Trends come and go, also in the insurance sector. You can never follow them all and you don‘t even have to. What is important, is to carefully pick out the trends that are of interest to your company and that will give you a competitive advantage. For Bart De Smet of Ageas, that is a good part of the job of a skillful leader.
I remember that in a strategic exercise we did in 2012, we identified the driverless car as one of our top priorities. As an insurance company, we were of course very interested in how that technology would evolve and, at the time, everyone was convinced that driverless cars would be a reality very soon. Almost two decades have passed and the breakthrough of the driverless car has still not happened.

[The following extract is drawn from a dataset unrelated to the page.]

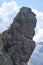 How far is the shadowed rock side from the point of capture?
63.7 meters

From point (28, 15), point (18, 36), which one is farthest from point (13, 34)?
point (28, 15)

It is a good example of how technological changes are often much more than about technology alone. What about affordability? When will such a car come within the reach of the average citizen? What about the surrounding infrastructure, such as connectivity? Not to mention all the legal and regulatory prerequisites involved. To put it bluntly: making predictions is rarely a science.
Bart De Smet
Chairman AGEAS
Artificial intelligence
What we estimated quite well, is the impact of artificial intelligence, a trend that itself is based on a combination of technological progress and changing consumer behavior. This has really enabled us to anticipate potential customer needs. AI also plays a major role in pricing, underwriting and claims handling. After a car accident, for example, the damage is filmed, and that footage is analyzed by computers. This not only helps in fighting fraud (has the damage already been reported?), but also in handling the claim. The system itself will suggest whether the car should be repaired, or the part should be replaced and at what cost. The speed and quality of the settlement of cases are thus much higher than before.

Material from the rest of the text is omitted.